Depuis février 2020, alors qu’en France, Emmanuel Macron évoque solennellement la guerre contre le Covid tout en laisser ses ministres asséner quelques contre-vérités, notamment sur l’inutilité du port du masque, Donald Trump snobe le virus, minimise la gravité de l’épidémie, puis fait de la Chine le bouc émissaire de ses grossières erreurs, de ses mensonges, de son arrogance. Les morts, les familles endeuillées, les malades, les villes confinées, les chômeurs laissés sans aucune indemnisation du jour au lendemain… Trump arrange le coronavirus, rechigne à porter le masque, et finit par contracter la maladie dont il se remet comme un homme en pleine force de l’âge. Biden se protège, se masque, se terre. Mais il prend la mesure de la gravité du mal. Il ne joue pas les matadors devant un virus qui secoue la planète entière.

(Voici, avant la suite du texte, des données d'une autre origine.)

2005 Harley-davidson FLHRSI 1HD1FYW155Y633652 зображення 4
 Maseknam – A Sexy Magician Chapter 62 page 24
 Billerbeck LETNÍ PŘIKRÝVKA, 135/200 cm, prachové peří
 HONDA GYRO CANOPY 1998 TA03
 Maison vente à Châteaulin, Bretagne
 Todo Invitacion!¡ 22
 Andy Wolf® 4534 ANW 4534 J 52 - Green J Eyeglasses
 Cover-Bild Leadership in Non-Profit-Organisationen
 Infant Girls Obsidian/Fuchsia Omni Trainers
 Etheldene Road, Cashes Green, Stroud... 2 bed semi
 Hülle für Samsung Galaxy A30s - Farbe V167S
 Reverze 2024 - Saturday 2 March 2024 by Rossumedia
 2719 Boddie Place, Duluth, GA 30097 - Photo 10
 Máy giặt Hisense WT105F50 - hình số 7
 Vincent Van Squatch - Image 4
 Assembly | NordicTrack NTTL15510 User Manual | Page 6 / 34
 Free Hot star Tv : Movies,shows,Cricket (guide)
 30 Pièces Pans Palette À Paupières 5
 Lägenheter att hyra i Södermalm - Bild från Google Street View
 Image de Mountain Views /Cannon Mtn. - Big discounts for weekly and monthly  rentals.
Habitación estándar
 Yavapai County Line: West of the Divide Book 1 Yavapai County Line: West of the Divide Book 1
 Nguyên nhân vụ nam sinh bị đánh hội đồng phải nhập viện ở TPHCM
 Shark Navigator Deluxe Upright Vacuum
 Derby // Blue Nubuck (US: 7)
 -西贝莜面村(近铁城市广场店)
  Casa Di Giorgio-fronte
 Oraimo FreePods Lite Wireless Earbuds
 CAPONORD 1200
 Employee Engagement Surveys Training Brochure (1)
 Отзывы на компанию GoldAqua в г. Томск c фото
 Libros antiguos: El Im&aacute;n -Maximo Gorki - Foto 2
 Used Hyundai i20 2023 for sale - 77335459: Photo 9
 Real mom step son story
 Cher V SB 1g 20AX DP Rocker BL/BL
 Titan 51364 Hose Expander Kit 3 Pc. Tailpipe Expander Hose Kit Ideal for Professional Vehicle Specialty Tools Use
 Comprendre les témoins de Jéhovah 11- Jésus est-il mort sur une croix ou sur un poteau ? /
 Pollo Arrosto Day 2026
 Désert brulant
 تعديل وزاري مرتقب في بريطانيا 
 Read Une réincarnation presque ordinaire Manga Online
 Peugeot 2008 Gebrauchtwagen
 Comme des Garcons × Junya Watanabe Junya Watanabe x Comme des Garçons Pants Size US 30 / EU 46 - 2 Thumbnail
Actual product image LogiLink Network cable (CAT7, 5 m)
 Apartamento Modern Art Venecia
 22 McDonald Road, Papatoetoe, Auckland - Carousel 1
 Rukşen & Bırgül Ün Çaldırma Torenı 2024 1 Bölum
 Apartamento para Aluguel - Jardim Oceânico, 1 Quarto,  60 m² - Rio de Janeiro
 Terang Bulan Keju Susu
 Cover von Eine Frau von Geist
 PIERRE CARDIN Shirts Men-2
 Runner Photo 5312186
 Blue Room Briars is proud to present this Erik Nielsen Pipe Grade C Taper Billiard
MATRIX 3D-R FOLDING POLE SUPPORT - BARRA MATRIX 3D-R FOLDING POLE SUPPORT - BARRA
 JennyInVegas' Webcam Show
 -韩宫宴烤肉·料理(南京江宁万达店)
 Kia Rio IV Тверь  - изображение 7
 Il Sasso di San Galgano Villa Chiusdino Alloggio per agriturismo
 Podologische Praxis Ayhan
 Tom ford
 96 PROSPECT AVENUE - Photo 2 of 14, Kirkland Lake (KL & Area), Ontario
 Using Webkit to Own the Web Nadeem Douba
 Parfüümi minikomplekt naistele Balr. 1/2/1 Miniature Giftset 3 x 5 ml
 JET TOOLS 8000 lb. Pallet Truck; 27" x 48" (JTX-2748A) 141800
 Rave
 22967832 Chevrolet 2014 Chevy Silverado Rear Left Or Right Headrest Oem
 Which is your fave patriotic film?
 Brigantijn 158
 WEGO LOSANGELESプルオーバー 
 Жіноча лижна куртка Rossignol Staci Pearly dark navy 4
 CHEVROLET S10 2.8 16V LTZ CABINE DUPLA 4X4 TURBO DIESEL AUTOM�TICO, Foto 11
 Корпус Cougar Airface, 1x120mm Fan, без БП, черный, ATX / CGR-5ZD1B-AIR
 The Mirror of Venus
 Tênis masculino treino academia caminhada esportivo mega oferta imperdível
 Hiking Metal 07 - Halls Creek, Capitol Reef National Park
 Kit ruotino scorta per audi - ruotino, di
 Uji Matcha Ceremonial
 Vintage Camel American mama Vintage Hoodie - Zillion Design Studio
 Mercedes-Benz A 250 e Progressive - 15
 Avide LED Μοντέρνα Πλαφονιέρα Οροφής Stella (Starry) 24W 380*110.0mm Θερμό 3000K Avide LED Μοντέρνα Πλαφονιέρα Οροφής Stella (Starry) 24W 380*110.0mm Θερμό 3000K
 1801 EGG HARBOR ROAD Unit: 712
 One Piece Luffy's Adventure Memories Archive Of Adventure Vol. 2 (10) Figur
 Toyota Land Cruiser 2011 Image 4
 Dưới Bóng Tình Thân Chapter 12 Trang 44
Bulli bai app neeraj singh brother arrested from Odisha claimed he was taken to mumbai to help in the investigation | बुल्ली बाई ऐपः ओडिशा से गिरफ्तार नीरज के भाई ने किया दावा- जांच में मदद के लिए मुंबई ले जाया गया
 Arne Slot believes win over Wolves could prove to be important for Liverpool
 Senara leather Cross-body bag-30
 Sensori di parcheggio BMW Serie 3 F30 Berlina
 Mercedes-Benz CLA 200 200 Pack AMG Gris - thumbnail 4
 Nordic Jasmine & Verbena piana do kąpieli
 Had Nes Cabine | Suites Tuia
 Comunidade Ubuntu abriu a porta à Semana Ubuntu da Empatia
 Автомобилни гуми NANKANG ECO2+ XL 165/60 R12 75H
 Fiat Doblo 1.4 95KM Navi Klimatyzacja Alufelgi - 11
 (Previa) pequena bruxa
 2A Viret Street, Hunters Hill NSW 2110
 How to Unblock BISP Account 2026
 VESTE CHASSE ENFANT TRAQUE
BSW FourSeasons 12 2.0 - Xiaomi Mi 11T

Dans les études d’opinion, le Covid devient la première préoccupation des Américains, et leur premier critère de vote à la présidentielle, devant l’économie, même si les deux thèmes sont très liés. Donald Trump ne l’a jamais compris, ou du moins, n’a-t-il jamais admis que face à un tel virus, il fallait faire preuve d’humilité.
En 2016, Donald Trump ne pouvait gagner, pensait-on. En 2020, face à un pareil adversaire, il ne pouvait perdre. Mais son vrai adversaire s’appelait Covid.